Nigeria sends warships to hostage oil rigs

Nigerian warships ships were sailing today towards offshore platforms where 97 foreign oil workers – including 35 Britons – were being held hostage by disgruntled local workers.

Nigeria sends warships to hostage oil rigs

Nigerian warships ships were sailing today towards offshore platforms where 97 foreign oil workers – including 35 Britons – were being held hostage by disgruntled local workers.

“We have deployed the navy to the trouble spot,” said navy spokesman Captain Shinebi Hungiapuko. He declined to say how many ships were involved in the operation.

The move by Nigerian security forces came as oil officials held negotiations with union members representing the strikers.

Hungiapuko said his naval forces “want to make sure everything is sorted out amicably if possible.” However if negotiations fail, “then we will do what we have to do,” he said without elaborating.

About 100 strikers have prevented the expatriate oil workers from leaving four offshore rigs owned by Houston-based Transocean since April 19. Another 170 Nigerian “third-party personnel” from other companies were also being prevented from leaving.

The Transocean rigs were drilling wells on behalf of oil multinationals Royal/Dutch Shell and TotalFinaElf.

The hostage takers have blocked access to helicopter landing pads and ports on the facilities. The strikers are protesting against a company decision to use boats instead of helicopters to ferry Nigerian staff to the rigs. They are also angered by company moves to dismiss five oil union members.

Some of the hostages said they fear their captors will kill them or blow up the rigs if authorities try to free them with armed raids. Their conditions were unclear, although no injuries or deaths had been reported.

“Make no mistake of the danger we’re in,” one hostage said in an e-mail message read by Jake Molloy, general secretary of the Offshore Industry Liaison Committee, an Aberdeen based union that has members among the hostages. “If they have lost everything, they will make sure we lose everything. And that means our lives.”

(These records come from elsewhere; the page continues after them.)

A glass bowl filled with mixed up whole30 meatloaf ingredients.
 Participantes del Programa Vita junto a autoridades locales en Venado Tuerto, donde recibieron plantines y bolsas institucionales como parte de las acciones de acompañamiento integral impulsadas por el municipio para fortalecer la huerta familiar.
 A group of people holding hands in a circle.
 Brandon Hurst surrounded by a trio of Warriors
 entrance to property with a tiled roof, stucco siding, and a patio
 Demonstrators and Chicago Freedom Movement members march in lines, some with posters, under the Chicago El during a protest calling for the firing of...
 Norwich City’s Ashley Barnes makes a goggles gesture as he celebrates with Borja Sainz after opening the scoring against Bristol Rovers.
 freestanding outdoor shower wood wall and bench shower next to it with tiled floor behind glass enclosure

Company officials, however, dismissed reports that any oil workers had been threatened.

National leaders of Nigeria’s largest oil union, which is not officially supporting the strike, were meeting Transocean executives and the strikers’ chosen local union representatives in a bid to end the impasse.

“We hope to resolve the problem today,” said Elijah Okougbo, deputy secretary-general of the National Union of Petroleum and Natural Gas Workers of Nigeria.

Many of the strikers had signalled willingness to end their stand-off but wanted assurances first they wouldn’t lose their jobs, Molloy said.

Sabotage and hostage takings by community activists, labour groups and thugs demanding compensation for land use and alleged environmental damage are relatively common in the Niger Delta, where nearly all of Nigeria’s oil is drilled. Hostages rarely are harmed.

A British hostage told his wife on Tuesday that the hostage-takers were threatening to blow up the rigs if anyone tries to storm them, Molloy said.

The woman, whom Molloy declined to identify, said her husband did not believe the strikers had explosives. Molloy did not know if the strikers had guns, although he said some hostages said their captors were armed with the installation’s fire-fighting axes.

Ethnic and political violence is another frequent hazard in the region. Fighting in March shut down nearly 40% of Nigeria’s production of 2.2 million barrels a day.